Looks like the odds weren’t ever in the GOP’s favor these days as the Trump administration failed to repeal Obamacare and replace it with their new healthcare bill. What does this mean for the U.S. economy and the dollar?
YUUUGE Funding Gap
Remember when Trump promised to increase infrastructure spending, build a wall along the Mexican border, and boost the budget for defense and the military? Well, he also planned on getting a huge chunk of the funds to support these plans from repealing the Affordable Care Act or Obamacare. And now that Congress has decided to pull out the new healthcare bill knowing that they won’t garner enough votes to pass it, this leaves the White House short by billions of dollars to finance its reforms.
You see, the Congressional Budget Office estimates that the government could trim its deficit by around $150 billion over the 2017-2026 period if Obamacare is repealed, although this would leave nearly 24 million Americans without health insurance after a decade. While it would result to tax breaks for people making over $200,000 each year, it would also increase insurance costs for Americans in their 50s and 60s.
But as House Speaker Paul Ryan conceded last Friday, Obamacare taxes will have to stay in place and Republicans have no choice but to go back to the drawing board to figure out how they can fix the rest of the tax code while sticking to their 2017 budget. “We have even more agreement on the need and the nature of tax reform, on funding the government, on rebuilding the military, on securing the border,” he added.
Even with these words of reassurance, market watchers can’t help but speculate that the Trump administration will have a tough time pushing its agenda from here. Not only does the healthcare bill failure leave them with a shortage of funds to pursue other reforms, but it also suggests that similar policy changes might encounter the same amount of opposition.
Keep in mind that the Donald is also pushing for a border adjustment tax, which is projected to add the $1.2 trillion in government revenue also needed to support their spending plans. Apart from giving American companies tax breaks for shipping goods to other countries, this would also remove these tax incentives from American companies that import products, essentially encouraging businesses to keep jobs and manufacturing activity in the homeland. With the recent letdown in the Obamacare repeal, it’s hard to imagine that the administration can pass this reform without any House of Cards-esque drama.
That leaves the rest of the Trump agenda in jeopardy as well. Since the elections, U.S. markets have been rallying on hopes of corporate tax cuts and financial deregulation, but it looks like these changes may take longer to enact than initially anticipated, unless of course Trump’s negotiation skills are as great as he thinks they are.
Risks to Rate Hikes
With less fiscal stimulus than anticipated and a potential correction in the U.S. stock market on weaker expectations of tax reform, confidence in the U.S. economy could take a hit. And when investors and consumers are less optimistic about financial conditions, they tend to scale back borrowing and spending activity, which can then pose some headwinds to overall growth.

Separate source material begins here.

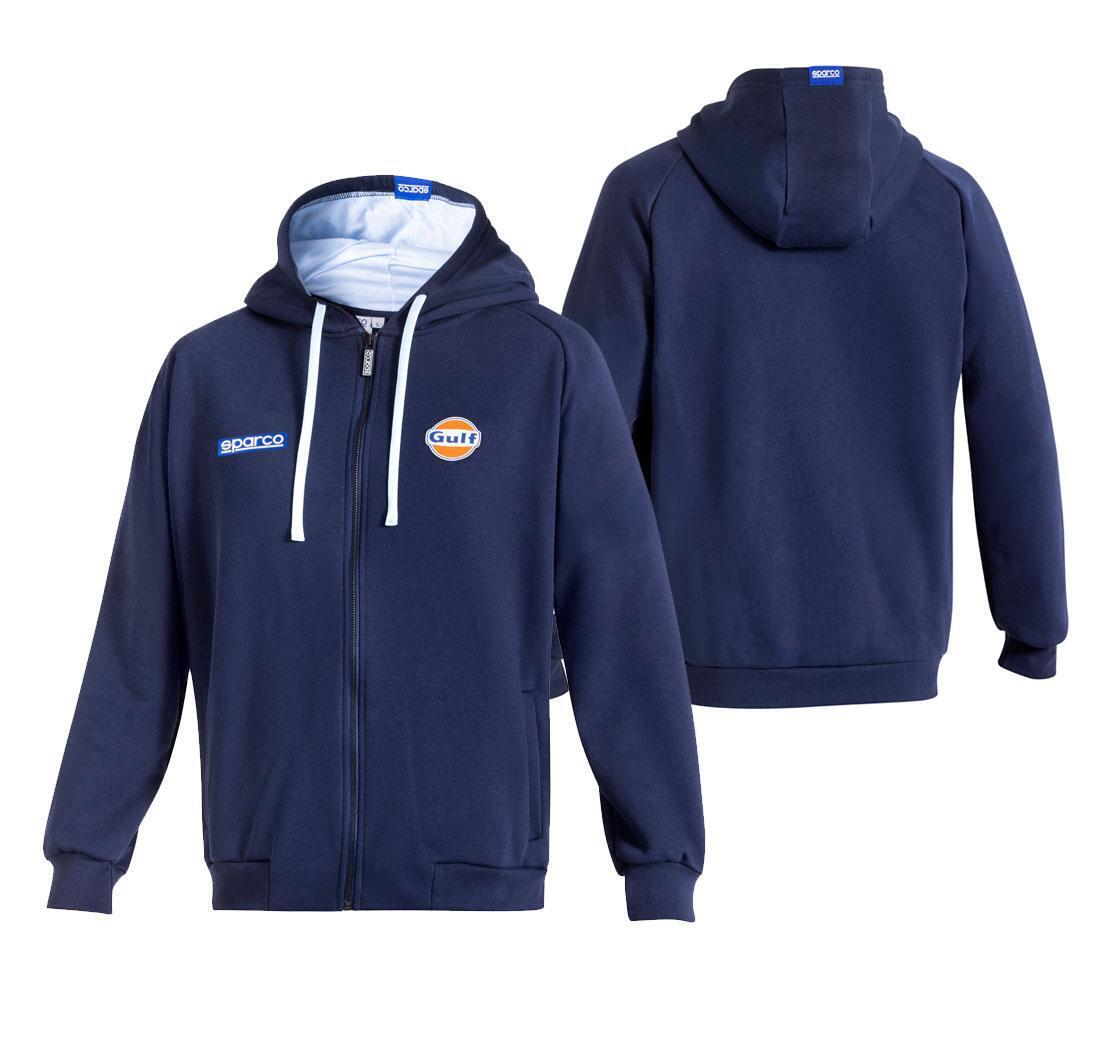 Sweat à capuche zippé GULF Sparco - bleu marine - L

A few Fed policymakers have mentioned that they already incorporated fiscal stimulus into their economic projections, most of which maintain that the U.S. economy is approaching full employment and target inflation and that at least three rate hikes are in the cards this year. Others have acknowledged that there are upside risks to their economic forecasts stemming from fiscal policy changes so they may adjust their biases given these recent developments.
By the looks of it, the Greenback is having a tough time regaining ground against its forex counterparts now that the “Trumphoria” is starting to fade. The U.S. economy might need to fly all on its own from here, without any additional lift from corporate tax cuts or with a smaller increase in government spending, and rely on the positive momentum it has generated in the past few months.
Rate hike expectations for June have already tumbled upon hearing news of the healthcare bill failure, leading forex junkies to set their sights on September instead. Do you think these setbacks for the Trump administration will have repercussions on the Fed’s tightening time line?